* What the exercise asks: Set down, exactly and only, everything from the line containing "2-Day Sublime Safari" down to the line containing "冬小麦成熟，机械化收割颗粒归仓。杨晓千摄" in the data below; the pictures are not part of the copy.

Data provided section start

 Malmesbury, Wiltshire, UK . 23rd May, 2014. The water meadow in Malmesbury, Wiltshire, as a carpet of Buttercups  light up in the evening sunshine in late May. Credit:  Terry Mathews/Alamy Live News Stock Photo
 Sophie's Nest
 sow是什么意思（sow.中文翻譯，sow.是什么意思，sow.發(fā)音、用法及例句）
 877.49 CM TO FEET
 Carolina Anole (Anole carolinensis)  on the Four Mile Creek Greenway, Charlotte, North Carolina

Data provided section end
Data provided section start

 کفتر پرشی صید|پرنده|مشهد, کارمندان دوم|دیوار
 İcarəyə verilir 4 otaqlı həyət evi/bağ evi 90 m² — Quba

Data provided section end
Data provided section start

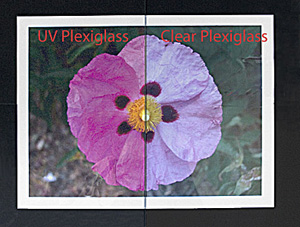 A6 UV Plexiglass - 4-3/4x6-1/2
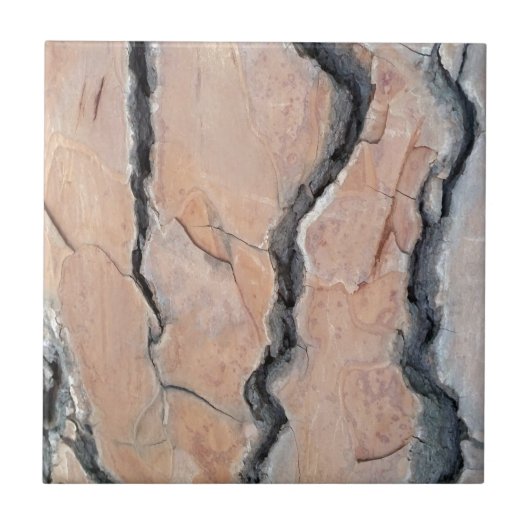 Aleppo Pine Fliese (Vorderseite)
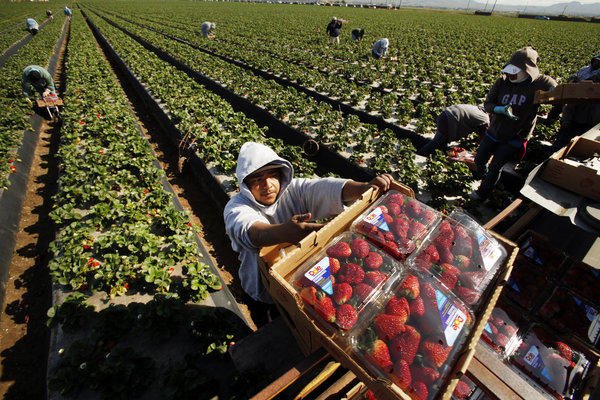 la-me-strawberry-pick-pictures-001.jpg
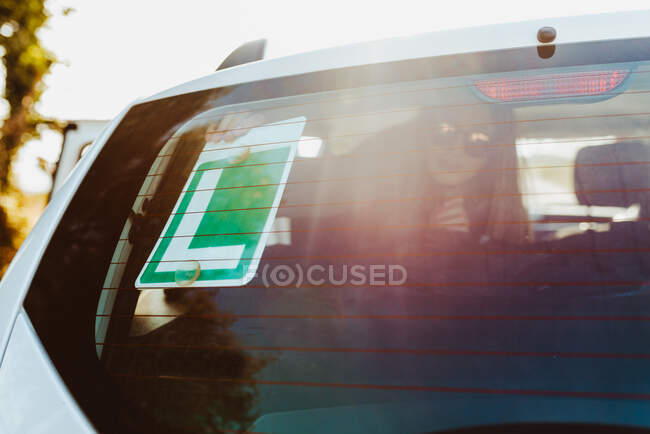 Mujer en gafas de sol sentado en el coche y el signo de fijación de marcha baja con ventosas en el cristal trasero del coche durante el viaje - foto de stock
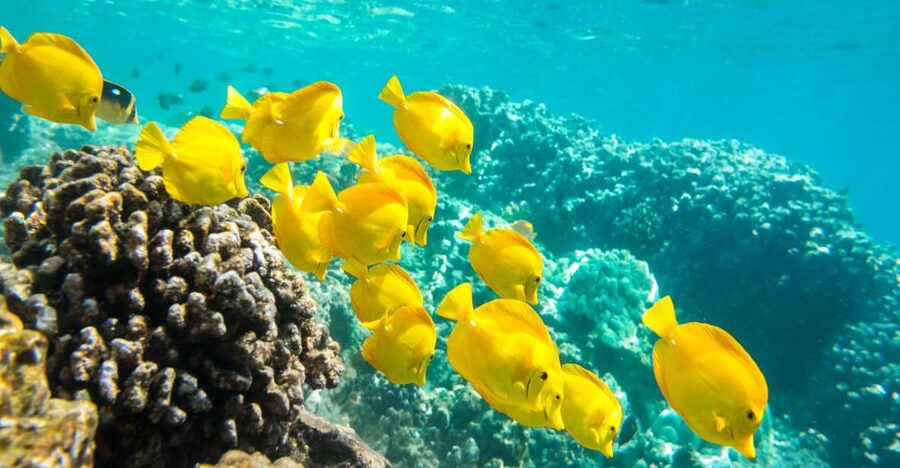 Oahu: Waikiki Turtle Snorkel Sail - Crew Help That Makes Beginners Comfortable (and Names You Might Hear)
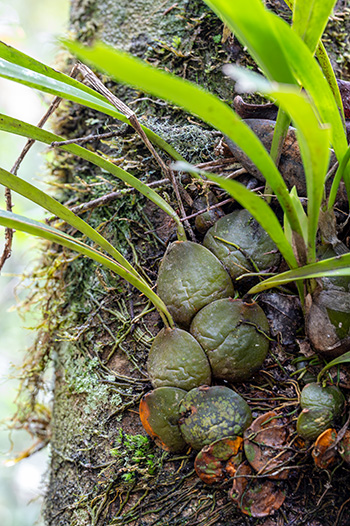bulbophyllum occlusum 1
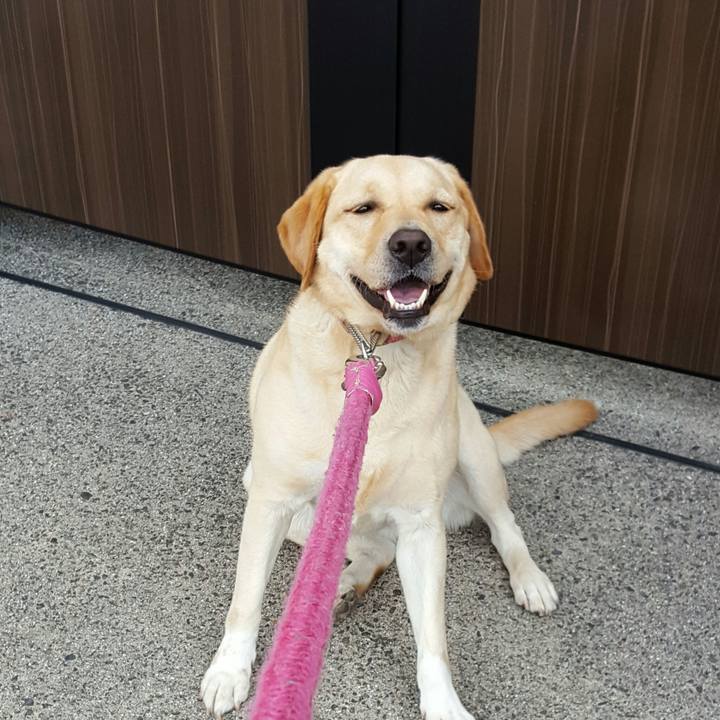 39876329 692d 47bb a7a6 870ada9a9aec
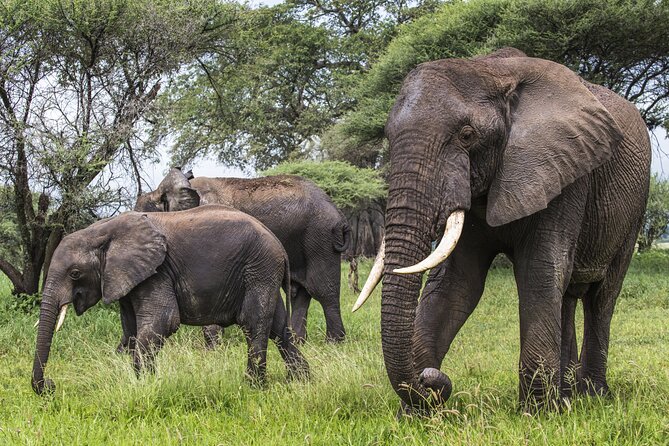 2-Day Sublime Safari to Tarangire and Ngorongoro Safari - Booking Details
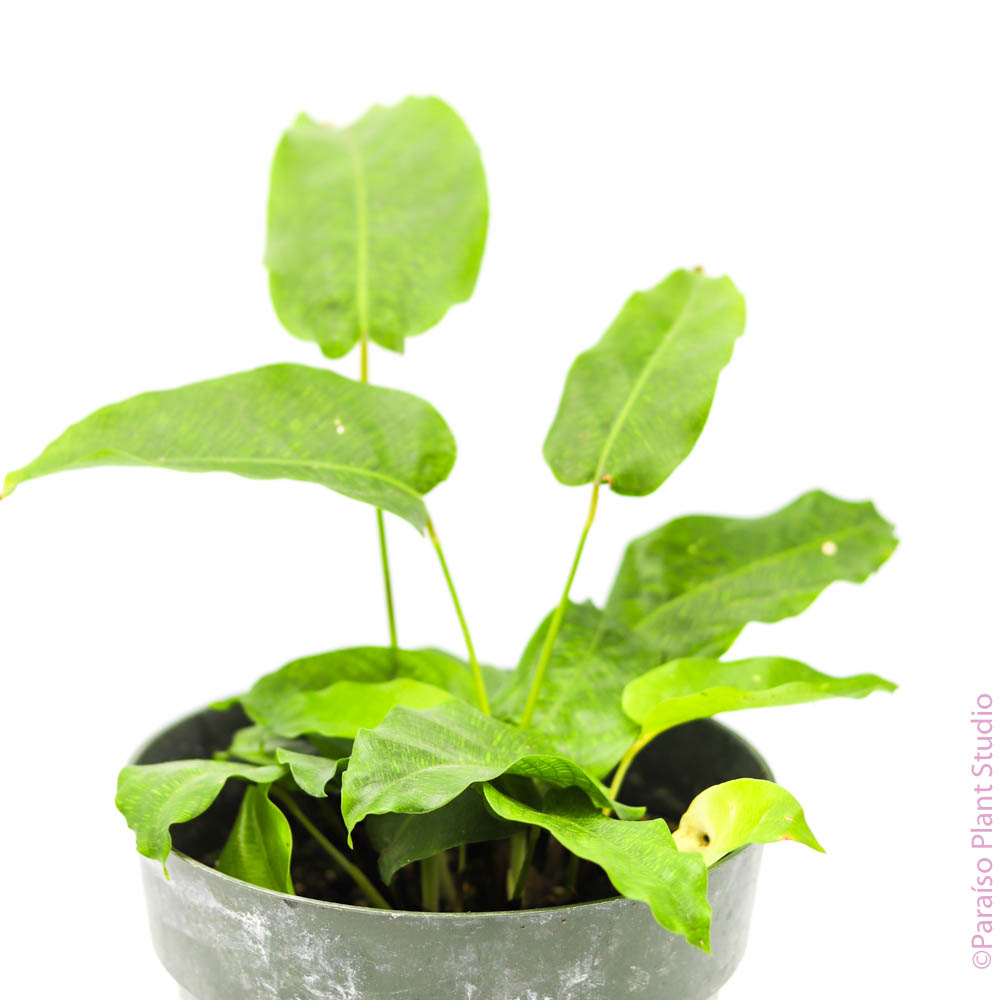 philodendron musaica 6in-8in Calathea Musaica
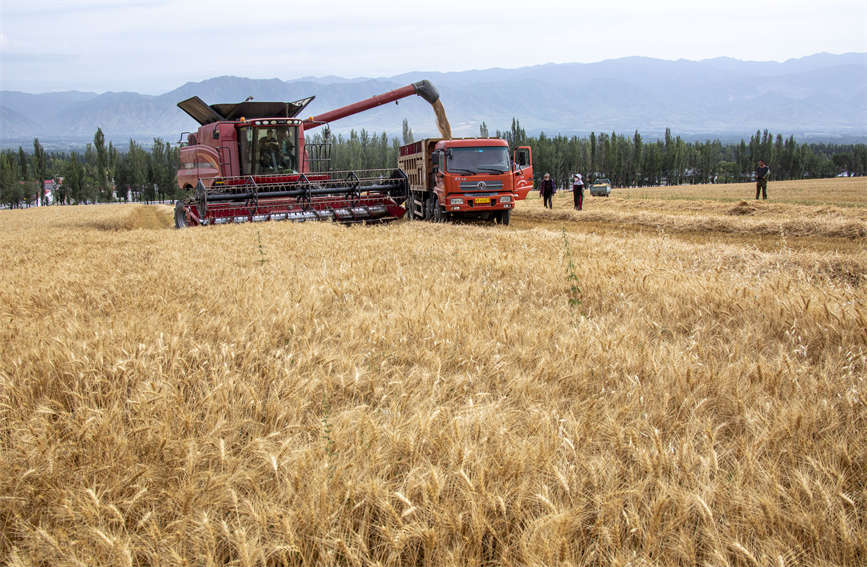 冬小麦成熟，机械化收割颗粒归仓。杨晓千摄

Data provided section end

* Result:
 2-Day Sublime Safari to Tarangire and Ngorongoro Safari - Booking Details
 philodendron musaica 6in-8in Calathea Musaica
 冬小麦成熟，机械化收割颗粒归仓。杨晓千摄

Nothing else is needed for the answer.